/---

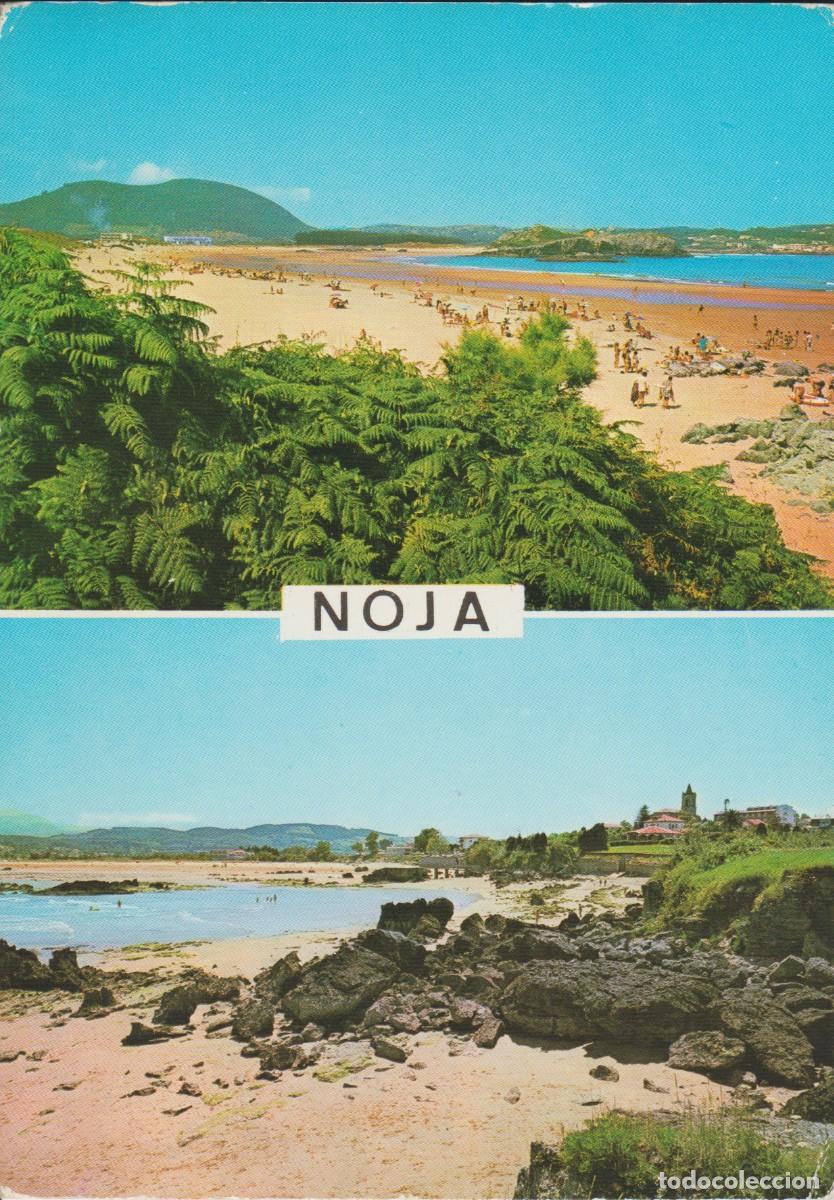 Postales: (43) NOJA . CANTABRIA. PLAYAS DE RIS Y TRENGANDIN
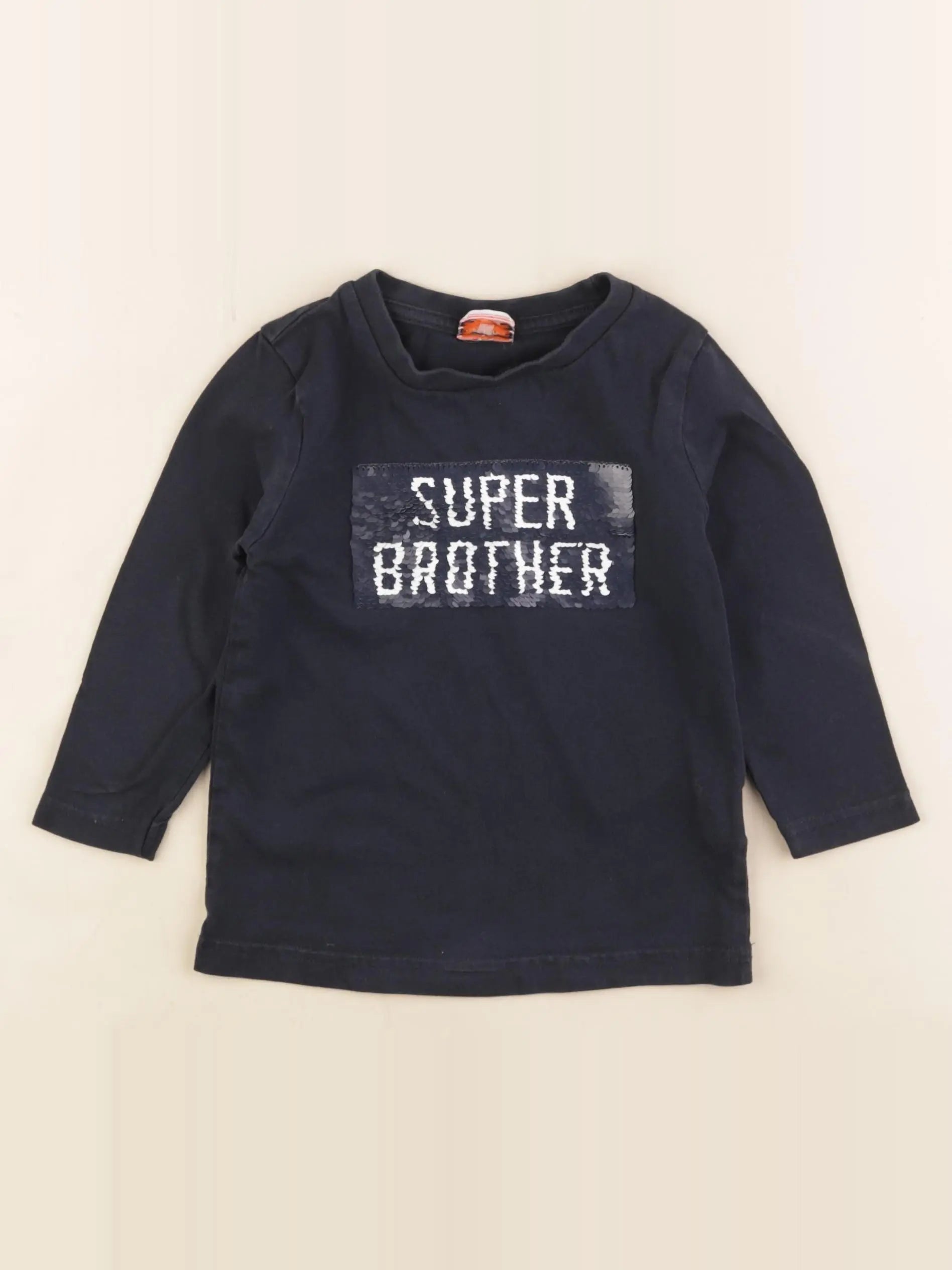 Tape à l'oeil - tee-shirt bleu - 2 ans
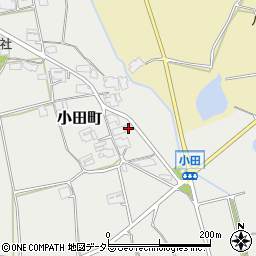 兵庫県小野市小田町1808周辺の地図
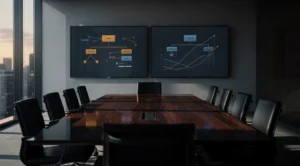 retail C-suite reorganization signals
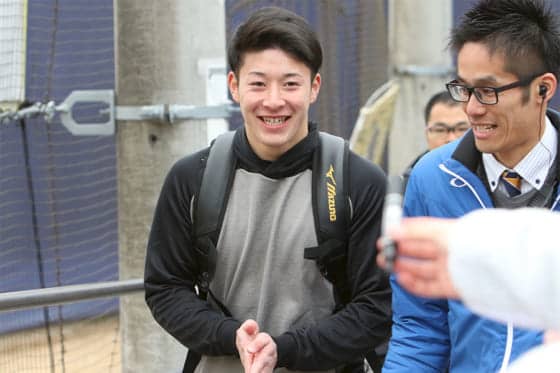 日ハムドラ1吉田輝、尻回りアップで肉体改造に手応え　「104センチは過去最高」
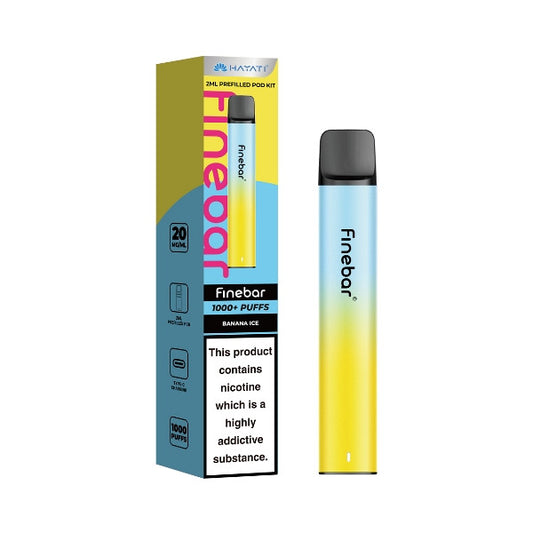 Hayati Finebar Pod Kit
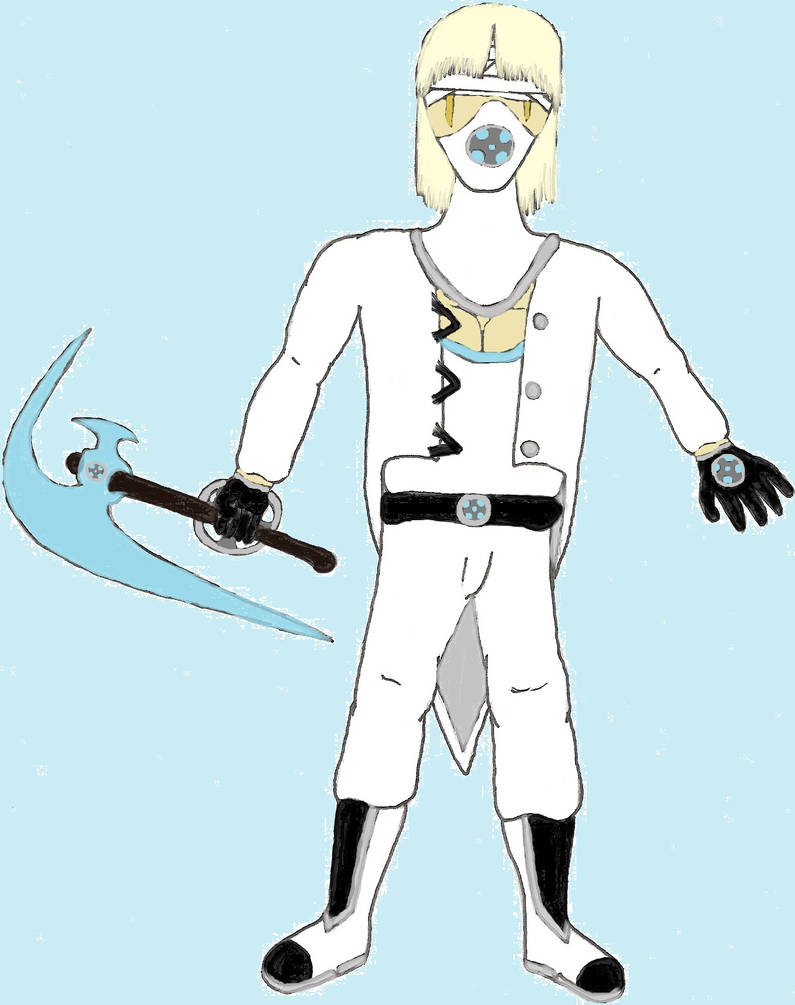 Sternritter G OC: Bronze Harlk. The Guillotine by ChikaraRyoku on ...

\---

• **What is expected**
Everything in the entries must be written out exactly; the pictures stay out.

• **Reply to the exercise**
 Postales: (43) NOJA . CANTABRIA. PLAYAS DE RIS Y TRENGANDIN
 Tape à l'oeil - tee-shirt bleu - 2 ans
 兵庫県小野市小田町1808周辺の地図
 retail C-suite reorganization signals
 日ハムドラ1吉田輝、尻回りアップで肉体改造に手応え　「104センチは過去最高」
 Hayati Finebar Pod Kit
 Sternritter G OC: Bronze Harlk. The Guillotine by ChikaraRyoku on ...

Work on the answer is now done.